Extracted records =

>>>

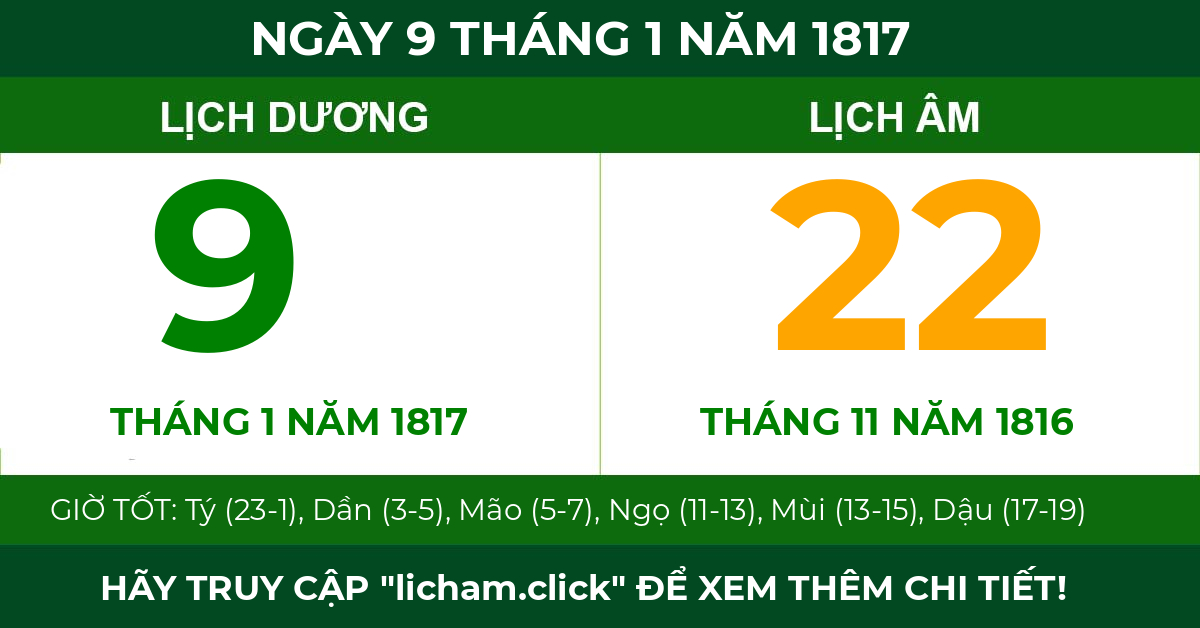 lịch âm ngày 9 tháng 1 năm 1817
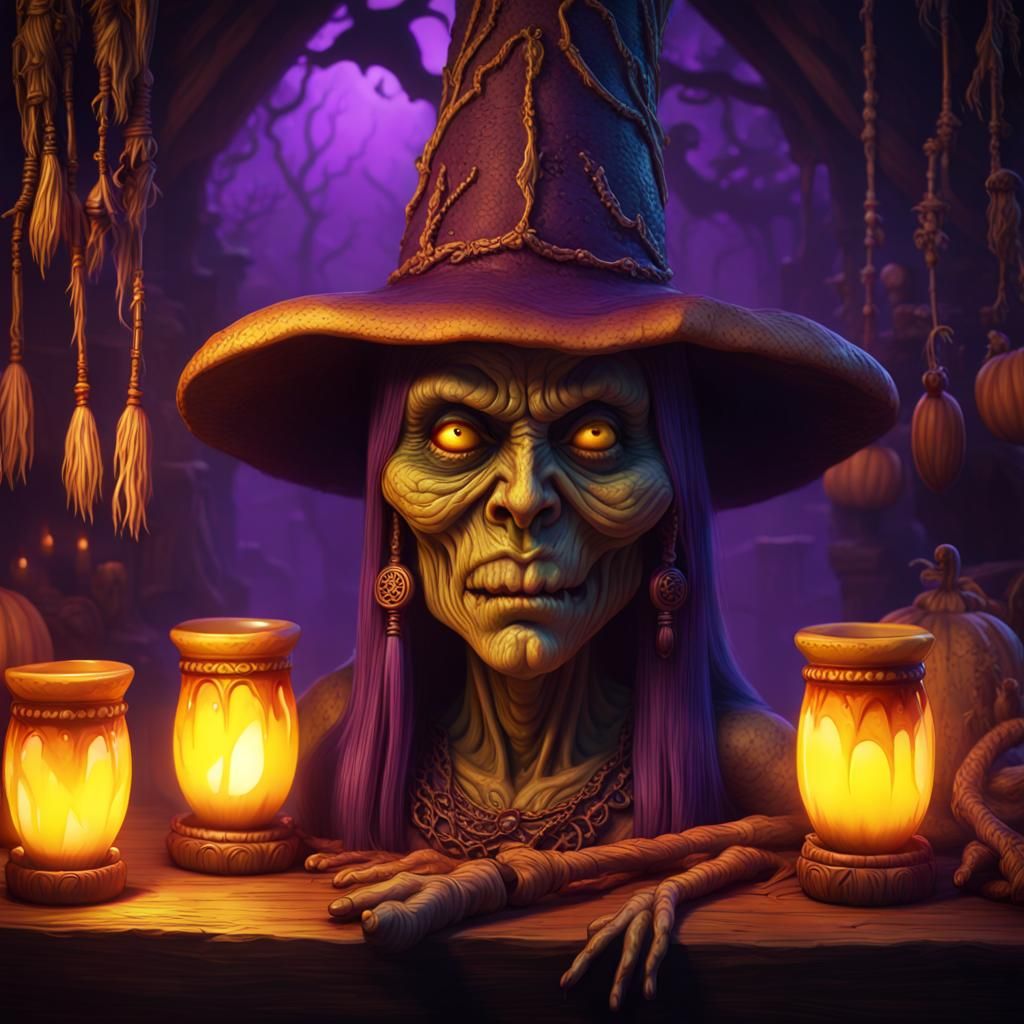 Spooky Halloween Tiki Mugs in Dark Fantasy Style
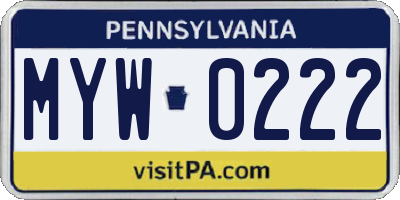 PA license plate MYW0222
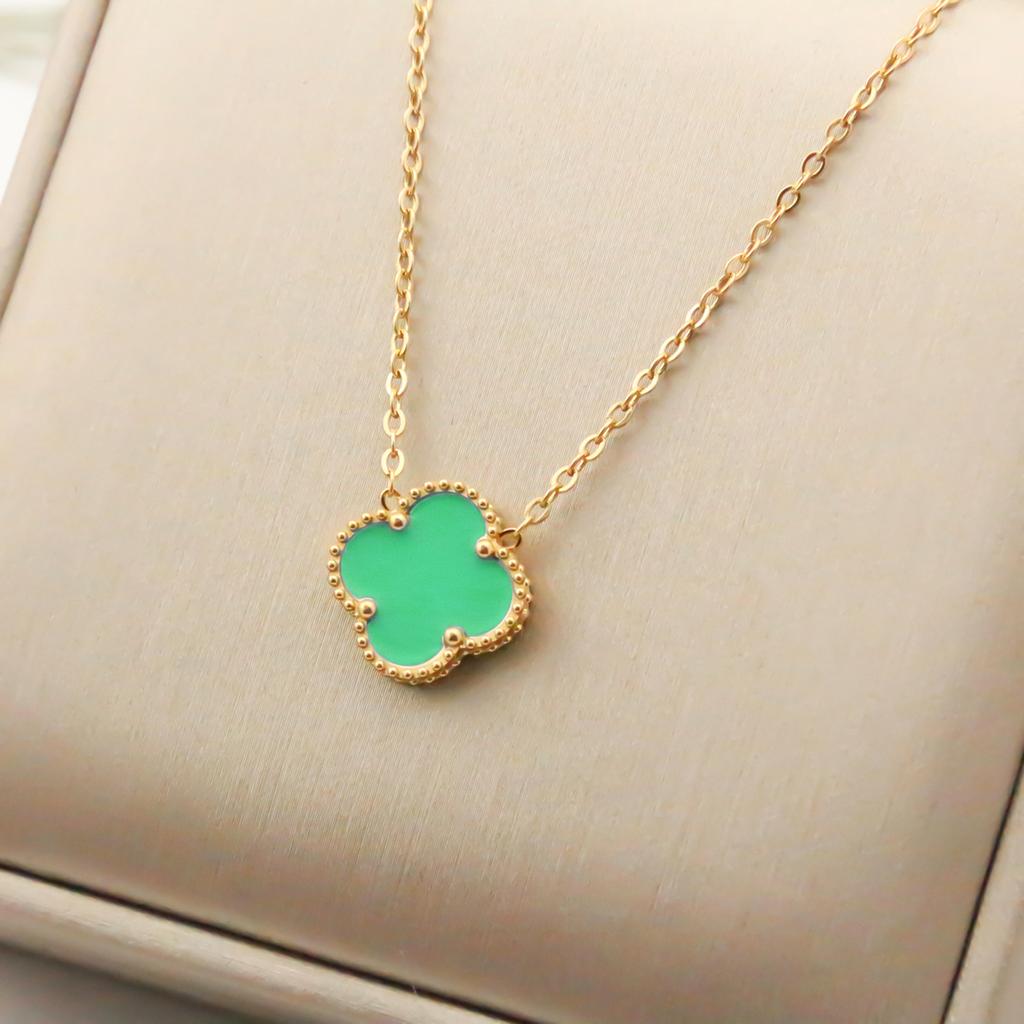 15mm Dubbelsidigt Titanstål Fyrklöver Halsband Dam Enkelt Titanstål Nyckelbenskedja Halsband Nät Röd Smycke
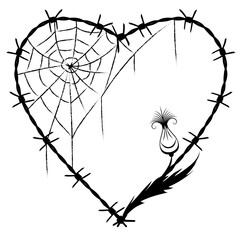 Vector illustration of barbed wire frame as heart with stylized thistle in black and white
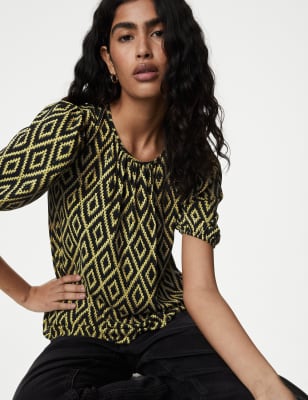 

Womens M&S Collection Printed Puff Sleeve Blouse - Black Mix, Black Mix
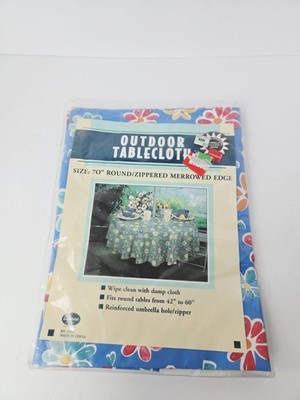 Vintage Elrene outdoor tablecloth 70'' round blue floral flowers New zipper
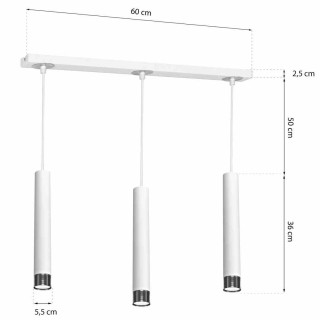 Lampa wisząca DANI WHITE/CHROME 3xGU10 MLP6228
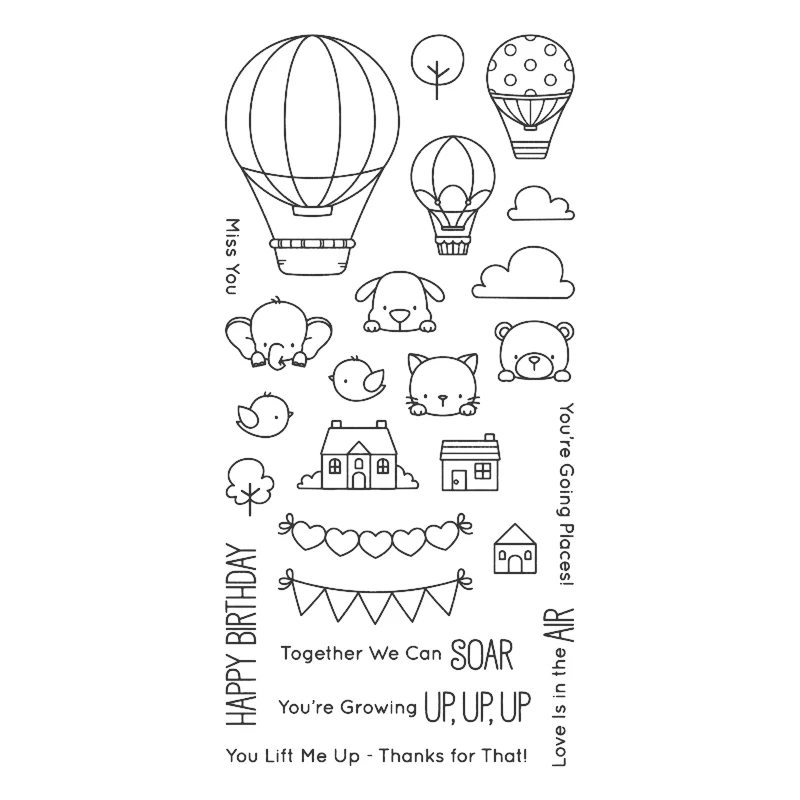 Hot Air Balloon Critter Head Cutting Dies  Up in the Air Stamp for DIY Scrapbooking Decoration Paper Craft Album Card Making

<<<
>>>

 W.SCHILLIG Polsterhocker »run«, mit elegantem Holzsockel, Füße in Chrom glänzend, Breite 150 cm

<<<

Although pictures appear among the records above, none are to be output; print exactly the lines from the line containing "Vintage Elrene outdoor" through the line containing "Hot Air Balloon".

Your response =
 Vintage Elrene outdoor tablecloth 70'' round blue floral flowers New zipper
 Lampa wisząca DANI WHITE/CHROME 3xGU10 MLP6228
 Hot Air Balloon Critter Head Cutting Dies  Up in the Air Stamp for DIY Scrapbooking Decoration Paper Craft Album Card Making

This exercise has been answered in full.